Formula: number of NiV copies per ml = number of copies calculated by the machine x 12 (multiplicative factor from 5 µl of extracted RNA to 60 µl elution volume, equal 140 µl of sample) x 7.14 (multiplicative factor from 140 µl of sample to 1ml)
Method limitation:
Limit of detection: ranging from 5-50 copies per reaction
Protocol references
Adapted from: K.S. Feldman, A. Foord, H.G. Heine, I.L. Smith, V. Boyd, G.A. Marsh, J.L.N. Wood, A.A. Cunningham, L.-F. Wang,
Design and evaluation of consensus PCR assays for henipaviruses,
Journal of Virological Methods,
Volume 161, Issue 1,
2009,
Pages 52-57,
ISSN 0166-0934,
Abstract: Henipaviruses were first discovered in the 1990s, and their potential threat to public health is of increasing concern with increasing knowledge. Old-world fruit bats are the reservoir hosts for these viruses, and spill-over events cause lethal infections in a wide range of mammalian species, including humans. In anticipation of these spill-over events, and to investigate further the geographical range of these genetically diverse viruses, assays for detection of known and potentially novel strains of henipaviruses are required. The development of multiple consensus PCR assays for the detection of henipaviruses, including both SYBR Green and TaqMan real-time PCRs and a conventional heminested PCR is described. The assays are highly sensitive and have defined specificity. In addition to being useful tools for detection of known and novel henipaviruses, evaluation of assay efficiency and sensitivity across both biological and synthetic templates has provided valuable insight into consensus PCR design and use.

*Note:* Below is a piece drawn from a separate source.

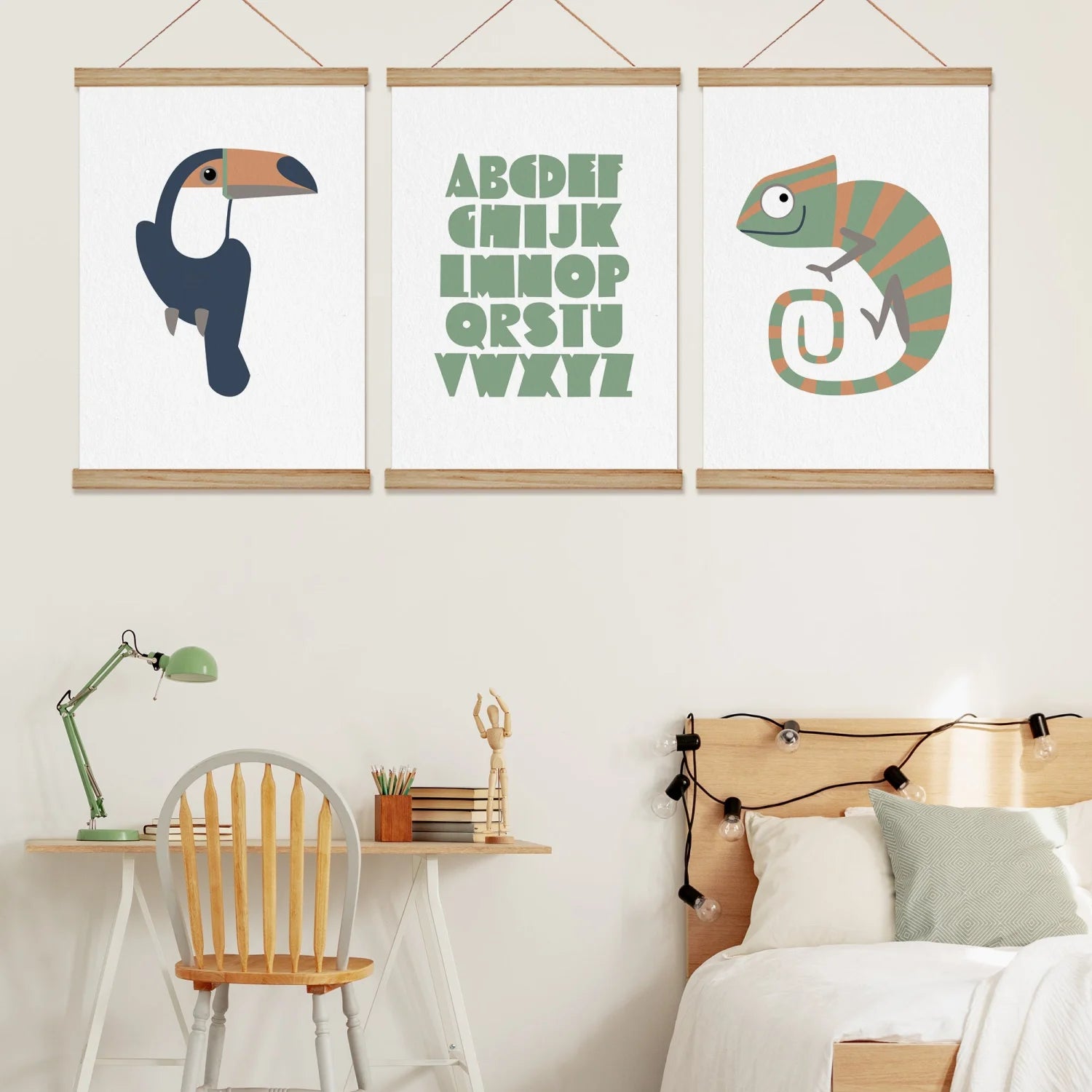 Toucan Alphabet and Chameleon Print - Green Prints Animals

Keywords: Henipavirus; PCR; SYBR Green; Consensus PCR
Acknowledgements
The authors acknowledge the staff of the Virology Unit at the Institut Pasteur du Cambodge (IPC) for their technical expertise, commitment to biosafety, and continued support of molecular diagnostics and surveillance activities. We also thank colleagues involved in sample processing, assay optimization, quality assurance, and biosafety oversight, whose contributions were essential to the development and implementation of this protocol. The collective efforts of laboratory, field, and support teams at IPC underpin the successful application of this work in preparedness, surveillance, and capacity-building contexts.